Игра об Уильяме Шекспире, или Тайна Великого Феникса | страница 75
Нераздельной двойней прошли они через бессмертную трагедию, через сознание миллионов и миллионов людей, говорящих на всех языках мира, читателей и зрителей Шекспира. И вот через три столетия после своего первого появления на подмостках «Глобуса» они снова напомнили о себе чуть ли не мистическим образом. Так же вдвоём тени давно умерших и ставших прахом датских дворян Розенкранца и Гильденстерна поднялись с запылённых архивных полок, чтобы предстать перед нами в безмолвном и внушительном свидетельстве. Их собственная незначительность, принадлежность к другой стране делают это свидетельство особенно ценным, ибо их имена — это не имена королей, знаменитых полководцев или знатных английских вельмож, которые были на устах их британских современников. Их имена вряд ли могли быть вычитаны драматургом из датских книг и хроник.
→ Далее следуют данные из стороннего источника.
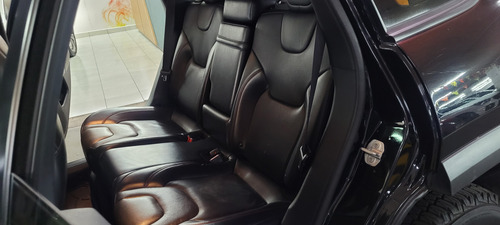 Jeep Cherokee 3.3l Trailhawk At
Здесь практически исключается и вероятность случайного совпадения, которую ещё можно было бы с натяжкой допустить, когда бы речь шла об одном человеке, одном имени.
Нет, Розенкранц и Гильденстерн не вымышлены автором «Гамлета»! Двое молодых датских дворян учились рядом с молодым знатным англичанином графом Рэтлендом в далёком от Англии и от Дании итальянском городе Падуя, а через несколько лет после этого их имена стали именами двух неразлучных придворных в трагедии, созданной великим англичанином Уильямом Шекспиром[41]. Падуанские призраки Розенкранца и Гильденстерна указывают, что этот самый Роджер Мэннерс, граф Рэтленд, имел какое-то отношение к Уильяму Шекспиру и его «Гамлету». Об этом же говорит ряд датских реалий, появившихся в трагедии лишь со второго кварто, то есть вскоре после возвращения Рэтленда из Дании в 1603 году.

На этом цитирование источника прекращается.